Valor Econômico, v. 20, n. 4815, 15/08/2019. Brasil, p. A2

Indústria defende adesão a solução temporária nas disputas da OMC

 Assis Moreira



 

A Coalizão Empresarial Brasileira (CEB) pediu esta semana a adesão do governo brasileiro a uma iniciativa da União Europeia (UE) e do Canadá para atenuar o impasse no mecanismo de solução de disputas da Organização Mundial do Comércio (OMC) e evitar assim “perdas bilionárias” ao Brasil.

Para a CEB, grupo secretariado pela Confederação Nacional da Indústria (CNI), o apoio brasileiro se justifica pelo risco iminente de paralisia do Orgão de Solução de Controvérsias (OSC), diante dos bloqueios sucessivos dos EUA à nomeação de novos juízes ao Órgão de Apelação (OA) “e pelo potencial enorme e bilionário de perdas ao Brasil, caso o mecanismo não esteja em seu pleno funcionamento”.

Em dezembro, restará apenas um dos sete juízes do Órgão de Apelação, espécie de corte suprema do comércio internacional. Os EUA querem uma ampla reforma do sistema, estimando que atualmente os juízes fazem interpretações excessivas das regras e criam novas obrigações aos países, indo bem além do que foi negociado em rodadas multilaterais.

Diante do impasse, a UE e o Canadá concordaram agora em resolver suas disputas através de um mecanismo de arbitragem. Esperam que os outros países na OMC sigam essa alternativa legal e evitem resolver os conflitos através de medidas unilaterais. Na arbitragem, os juízes devem ser escolhidos por sorteio entre antigos membros do Órgão de Apelação. Os procedimentos devem seguir, tanto quanto possível, aqueles do Órgão de Apelação.

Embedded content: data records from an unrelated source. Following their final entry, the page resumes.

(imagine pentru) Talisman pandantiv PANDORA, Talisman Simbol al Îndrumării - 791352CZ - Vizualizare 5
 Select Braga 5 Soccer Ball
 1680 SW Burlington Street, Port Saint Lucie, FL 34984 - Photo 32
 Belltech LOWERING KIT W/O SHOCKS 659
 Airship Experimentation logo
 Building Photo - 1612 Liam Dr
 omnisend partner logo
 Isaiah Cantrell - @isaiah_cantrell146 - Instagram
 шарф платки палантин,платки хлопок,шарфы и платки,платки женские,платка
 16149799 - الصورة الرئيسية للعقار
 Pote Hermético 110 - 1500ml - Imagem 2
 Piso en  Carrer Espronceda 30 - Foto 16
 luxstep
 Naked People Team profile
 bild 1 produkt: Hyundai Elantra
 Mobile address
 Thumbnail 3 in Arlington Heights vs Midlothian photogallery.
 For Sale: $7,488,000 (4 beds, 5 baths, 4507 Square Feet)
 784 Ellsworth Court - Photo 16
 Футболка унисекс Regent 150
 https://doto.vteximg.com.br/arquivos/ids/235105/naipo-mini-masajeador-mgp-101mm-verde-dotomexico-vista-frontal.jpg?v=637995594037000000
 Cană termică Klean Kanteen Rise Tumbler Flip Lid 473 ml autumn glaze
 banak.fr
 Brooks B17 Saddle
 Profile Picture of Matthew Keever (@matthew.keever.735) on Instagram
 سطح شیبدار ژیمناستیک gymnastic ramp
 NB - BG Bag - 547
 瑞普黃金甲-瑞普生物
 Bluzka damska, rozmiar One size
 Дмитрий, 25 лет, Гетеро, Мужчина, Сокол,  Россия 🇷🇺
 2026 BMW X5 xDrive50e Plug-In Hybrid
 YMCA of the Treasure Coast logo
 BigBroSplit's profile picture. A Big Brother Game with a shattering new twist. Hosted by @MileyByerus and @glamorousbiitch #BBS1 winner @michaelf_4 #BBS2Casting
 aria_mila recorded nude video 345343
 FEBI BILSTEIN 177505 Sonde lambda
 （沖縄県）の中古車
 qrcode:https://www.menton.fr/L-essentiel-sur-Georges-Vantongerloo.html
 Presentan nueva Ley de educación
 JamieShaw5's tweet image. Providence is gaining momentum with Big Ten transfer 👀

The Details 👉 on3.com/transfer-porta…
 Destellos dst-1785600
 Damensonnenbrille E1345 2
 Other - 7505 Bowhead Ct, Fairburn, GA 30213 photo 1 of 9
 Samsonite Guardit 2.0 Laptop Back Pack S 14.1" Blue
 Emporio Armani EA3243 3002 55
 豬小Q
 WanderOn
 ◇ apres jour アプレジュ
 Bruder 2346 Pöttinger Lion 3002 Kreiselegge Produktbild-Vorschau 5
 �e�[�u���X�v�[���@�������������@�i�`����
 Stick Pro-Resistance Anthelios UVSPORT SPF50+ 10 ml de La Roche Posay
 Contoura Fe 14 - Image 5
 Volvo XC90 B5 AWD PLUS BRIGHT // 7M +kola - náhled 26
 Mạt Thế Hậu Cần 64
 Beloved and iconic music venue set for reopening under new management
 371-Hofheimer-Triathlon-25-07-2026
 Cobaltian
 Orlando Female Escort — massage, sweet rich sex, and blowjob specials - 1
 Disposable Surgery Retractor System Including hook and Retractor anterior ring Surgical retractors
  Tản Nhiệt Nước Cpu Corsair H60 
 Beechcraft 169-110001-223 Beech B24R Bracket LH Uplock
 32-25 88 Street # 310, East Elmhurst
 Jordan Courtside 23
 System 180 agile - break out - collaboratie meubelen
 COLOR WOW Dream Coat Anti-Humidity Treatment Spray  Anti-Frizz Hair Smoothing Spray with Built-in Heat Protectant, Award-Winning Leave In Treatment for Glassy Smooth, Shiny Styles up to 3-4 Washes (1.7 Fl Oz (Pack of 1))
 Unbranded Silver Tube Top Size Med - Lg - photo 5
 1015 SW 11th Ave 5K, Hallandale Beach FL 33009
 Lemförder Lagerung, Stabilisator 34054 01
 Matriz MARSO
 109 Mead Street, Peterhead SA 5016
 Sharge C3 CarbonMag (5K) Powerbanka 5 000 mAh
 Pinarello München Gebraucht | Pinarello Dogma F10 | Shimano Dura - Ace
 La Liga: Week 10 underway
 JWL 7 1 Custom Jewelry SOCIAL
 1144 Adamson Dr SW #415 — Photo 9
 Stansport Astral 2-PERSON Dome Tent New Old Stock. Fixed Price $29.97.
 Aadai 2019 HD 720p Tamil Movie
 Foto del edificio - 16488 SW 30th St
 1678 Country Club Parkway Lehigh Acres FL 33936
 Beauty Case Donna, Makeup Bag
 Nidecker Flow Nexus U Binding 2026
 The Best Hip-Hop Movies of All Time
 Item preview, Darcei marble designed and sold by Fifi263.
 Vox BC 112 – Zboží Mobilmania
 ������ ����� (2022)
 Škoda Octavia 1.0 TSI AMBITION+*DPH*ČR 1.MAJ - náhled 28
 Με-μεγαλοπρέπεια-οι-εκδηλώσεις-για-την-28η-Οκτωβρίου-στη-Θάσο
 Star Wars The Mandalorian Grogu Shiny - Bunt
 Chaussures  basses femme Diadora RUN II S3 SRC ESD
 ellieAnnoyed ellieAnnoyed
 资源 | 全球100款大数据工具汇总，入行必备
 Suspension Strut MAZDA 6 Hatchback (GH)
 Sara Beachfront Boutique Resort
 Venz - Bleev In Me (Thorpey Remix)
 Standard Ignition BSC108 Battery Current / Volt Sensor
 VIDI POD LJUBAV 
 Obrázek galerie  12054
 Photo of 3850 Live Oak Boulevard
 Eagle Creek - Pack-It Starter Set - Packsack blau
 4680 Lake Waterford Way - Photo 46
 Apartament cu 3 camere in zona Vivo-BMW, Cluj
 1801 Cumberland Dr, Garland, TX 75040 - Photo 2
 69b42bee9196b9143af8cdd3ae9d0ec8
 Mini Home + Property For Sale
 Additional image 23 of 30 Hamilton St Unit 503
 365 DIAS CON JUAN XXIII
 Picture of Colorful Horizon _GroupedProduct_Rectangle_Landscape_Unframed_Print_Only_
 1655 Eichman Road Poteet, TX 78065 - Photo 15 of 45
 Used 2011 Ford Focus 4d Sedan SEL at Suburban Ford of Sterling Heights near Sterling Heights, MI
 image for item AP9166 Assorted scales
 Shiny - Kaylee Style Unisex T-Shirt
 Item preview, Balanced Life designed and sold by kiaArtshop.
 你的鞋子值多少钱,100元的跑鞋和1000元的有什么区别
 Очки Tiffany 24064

Até agora, não houve entusiasmo entre a maioria dos países na OMC por essa solução temporária. Negociadores apontam insegurança jurídica. Em vez de decisão multilateral sobre uma disputa, a arbitragem é bilateral, não tem decisão obrigatória e enfraquece a legitimidade geral do sistema.

No entanto, em carta ao ministro das Relações Exteriores, Ernesto Araújo, o presidente da CEB, Reginaldo Arcuri, considera que o apoio do Brasil à proposta europeia torna-se necessário para o país garantir pelo menos o acesso interino a um recurso de apelação na OMC.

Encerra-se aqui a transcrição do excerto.